Replicating a molecule of double-stranded DNA involves unwinding its helical structure, separating its two strands, and filling in new partner strands from free nucleic acids (nucleotides). Specific coupling assures that nucleotides are incorporated with correct base-pairing along the length of each of the separated strands (A with T, G with C).
Each of the separated strands is read and matched with appropriate nucleotides to create a newly synthesized partner strand. Nucleotides are added by attaching the phosphate group of the nucleotide (found on its 5′ carbon) to the open 3′ carbon on the end of the elongating strand. Thus replication proceeds by reading the original strand 3′ → 5′ and elongating the new strand 5′ → 3′.
Because the strands of double-stranded DNA run antiparallel, replication is performed in opposite directions, with one side extending its newly synthesized strand towards the replication fork and one side away. Only short portions (Okazaki fragments) can be synthesized in the direction away from the fork as it unzips, making this side the lagging strand. Replication on the leading strand, by contrast, is continuous into the direction of the replication fork as it unzips.

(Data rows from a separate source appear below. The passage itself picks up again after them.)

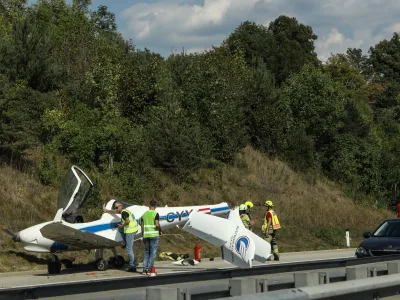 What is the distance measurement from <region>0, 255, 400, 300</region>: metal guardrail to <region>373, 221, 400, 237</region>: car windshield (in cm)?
848

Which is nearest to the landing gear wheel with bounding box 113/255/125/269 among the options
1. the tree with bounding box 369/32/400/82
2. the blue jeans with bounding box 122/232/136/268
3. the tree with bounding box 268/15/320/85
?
the blue jeans with bounding box 122/232/136/268

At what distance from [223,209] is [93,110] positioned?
614 inches

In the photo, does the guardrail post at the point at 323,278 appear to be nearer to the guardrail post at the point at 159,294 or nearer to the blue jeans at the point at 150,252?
the guardrail post at the point at 159,294

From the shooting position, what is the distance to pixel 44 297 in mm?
6621

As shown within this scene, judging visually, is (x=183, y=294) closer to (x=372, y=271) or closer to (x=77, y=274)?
(x=372, y=271)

DNA replication is semi-conservative on account of its two resulting molecules of double-stranded DNA each having retained a strand from the original molecule in addition to the newly synthesized strand.

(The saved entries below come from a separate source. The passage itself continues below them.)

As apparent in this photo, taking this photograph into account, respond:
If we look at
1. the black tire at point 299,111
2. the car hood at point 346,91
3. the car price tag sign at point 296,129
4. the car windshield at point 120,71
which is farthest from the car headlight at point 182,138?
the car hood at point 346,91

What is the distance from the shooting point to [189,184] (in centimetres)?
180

|DNA helicase||works at the replication fork to unwind the helix (unzips DNA)|
|Topoisomerases, including DNA gyrase||relax super-coiling that results from unwinding the helix|
|Single-stranded binding proteins (SSBPs)||bind to the separated strands of DNA to keep them from reannealing|
|Primase||creates short RNA primer that is temporarily attached for DNA polymerase to extend from|
|DNA polymerase||follows the replication fork, working to add new nucleotides in 5′ → 3′ direction; proofreads and removes incorrect nucleotides|
|DNA ligase||helps to anneal strands; joins Okazaki fragments|
|Telomerase||lengthens telomeres of linear eukaryotic DNA|
The process of DNA replication begins at an origin of replication, where the molecule's two strands are separated, producing a replication bubble with two replication forks unzipping the DNA bidirectionally away from the origin. Prokaryotes usually have a single origin of replication for their single, circular DNA. Eukaryotes, however, have multiple origins of replication across their numerous linear chromosomes.

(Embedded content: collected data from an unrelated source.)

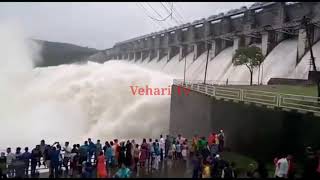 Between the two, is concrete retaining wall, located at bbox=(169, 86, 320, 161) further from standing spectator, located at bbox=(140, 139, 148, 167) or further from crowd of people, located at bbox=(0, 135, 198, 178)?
standing spectator, located at bbox=(140, 139, 148, 167)

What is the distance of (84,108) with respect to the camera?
2462cm

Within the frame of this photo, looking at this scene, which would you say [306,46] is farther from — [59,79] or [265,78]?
[59,79]

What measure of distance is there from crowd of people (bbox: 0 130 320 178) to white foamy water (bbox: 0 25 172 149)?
885 centimetres

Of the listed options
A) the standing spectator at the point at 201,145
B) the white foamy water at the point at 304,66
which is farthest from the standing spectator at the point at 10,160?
the white foamy water at the point at 304,66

Linear chromosomes will arrive at an issue with replication at the ends of their lagging strands by which a portion of the strand at the very end (located in the telomere, a region of repetitive sequences at the end of the chromosome) is unable to be synthesized due to the lack of a 3′ end of a nucleotide to extend from. This issue results in the progressive shortening of the telomeres in linear chromosomes after numerous rounds of replication. The issue is resolved in presence of telomerase which acts to lengthen the telomeres with repetitive sequences, thereby protecting them from loss during replication.